Requires-Dist: peewee-async (>=0.8.0,<0.9.0)
Requires-Dist: ruia (>=0.8.4,<0.9.0)
Requires-Dist: schema (>=0.7.5,<0.8.0)
Project-URL: Repository, https://github.com/JackTheMico/ruia-peewee-async
Description-Content-Type: text/markdown

# ruia-peewee-async
[![996.icu](https://img.shields.io/badge/link-996.icu-red.svg)](https://996.icu)
[![LICENSE](https://img.shields.io/badge/license-Anti%20996-blue.svg)](https://github.com/996icu/996.ICU/blob/master/LICENSE)

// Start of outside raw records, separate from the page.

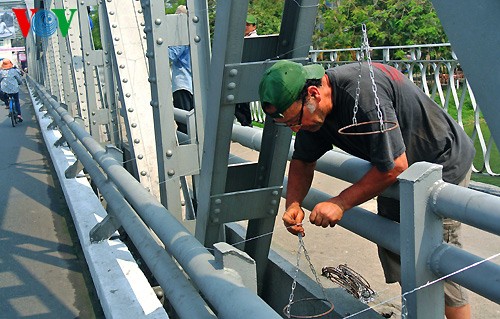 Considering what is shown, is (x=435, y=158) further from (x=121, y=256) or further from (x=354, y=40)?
(x=354, y=40)

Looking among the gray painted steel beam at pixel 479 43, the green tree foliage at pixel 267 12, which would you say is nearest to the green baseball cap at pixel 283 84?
the gray painted steel beam at pixel 479 43

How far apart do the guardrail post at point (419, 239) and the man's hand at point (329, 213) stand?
0.42 meters

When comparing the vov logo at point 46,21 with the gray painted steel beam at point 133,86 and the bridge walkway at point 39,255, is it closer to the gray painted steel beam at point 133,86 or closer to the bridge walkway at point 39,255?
the bridge walkway at point 39,255

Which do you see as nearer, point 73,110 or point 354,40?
point 73,110

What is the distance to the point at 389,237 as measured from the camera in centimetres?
299

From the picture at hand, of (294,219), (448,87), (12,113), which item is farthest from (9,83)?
(294,219)

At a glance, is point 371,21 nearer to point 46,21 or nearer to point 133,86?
point 46,21

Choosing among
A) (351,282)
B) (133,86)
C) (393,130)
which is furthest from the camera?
(133,86)

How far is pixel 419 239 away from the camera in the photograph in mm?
2529

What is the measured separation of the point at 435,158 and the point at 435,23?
489 inches

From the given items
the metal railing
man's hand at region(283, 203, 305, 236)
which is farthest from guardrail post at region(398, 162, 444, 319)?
the metal railing

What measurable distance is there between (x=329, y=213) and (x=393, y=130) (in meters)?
0.45

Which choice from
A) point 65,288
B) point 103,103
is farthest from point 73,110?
point 65,288

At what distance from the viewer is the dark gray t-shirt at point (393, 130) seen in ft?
9.56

A [Ruia](https://github.com/howie6879/ruia) plugin that uses [peewee-async](https://github.com/05bit/peewee-async) to store data to MySQL or PostgreSQL or both of them.


## Installation

Using [pip](https://pip.pypa.io/en/stable/) or [ pipenv ](https://pipenv.pypa.io/en/latest/) or [ poetry ](https://python-poetry.org/) to install.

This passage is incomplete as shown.